The soldiers and Jeeps can’t keep up, so the Iron Giant just leaves. If the threat has no effect for a long time, or gives the characters plenty of time to prepare, it’s less threatening.

The Iron Giant (1999)

Combine these three axes to create especially intense moments.

  • Dangerous: Drowning is lethal.
  • Close: She’s gasping for the last inches of air as the water fills the cabin
  • Slow: The water rises slowly, and drowning is a slow death.
The Abyss (1989)

Another way to increase the danger is to use multiple threats. In the Abyss, even if Linds doesn’t drown right now, she’ll soon be vaporized by a nuclear explosion, and if that is prevented, she’ll suffocate later when the damaged rig runs out of oxygen. Too Slow threats now loom large in the distance. The disaster has reserves. Do you? To escape more than one threat, the character must use some or all of the following:

  1. Simultaneous solutions: The character needs to do more things than they have time for. Too Slow threats are now fast enough to be worrisome.
  2. Different solutions: If multiple threats can be neutralized by doing the same thing repeatedly or skilfully, that’s just one big threat.
  3. Opposing solutions: Neutralizing one threat makes another threat worse.

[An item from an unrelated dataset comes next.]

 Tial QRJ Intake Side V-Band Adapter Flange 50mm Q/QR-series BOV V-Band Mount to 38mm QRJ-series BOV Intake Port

Here’s an example from Jurassic Park, where Lex is about to be:

  1. drowned in mud
  2. crushed by the car
  3. eaten by the dinosaur

The crushed car makes escaping the mud difficult. The mud makes escaping the car difficult. Inside the car is the only shelter from the dinosaur. Truly a terrible situation!

Jurassic Park (1993)

A special shout-out to portals like doors and windows, which give you close and slow for free.

Jurassic Park (1993)

Portals can also be used for irony: showing characters something they want or need, but denying them access.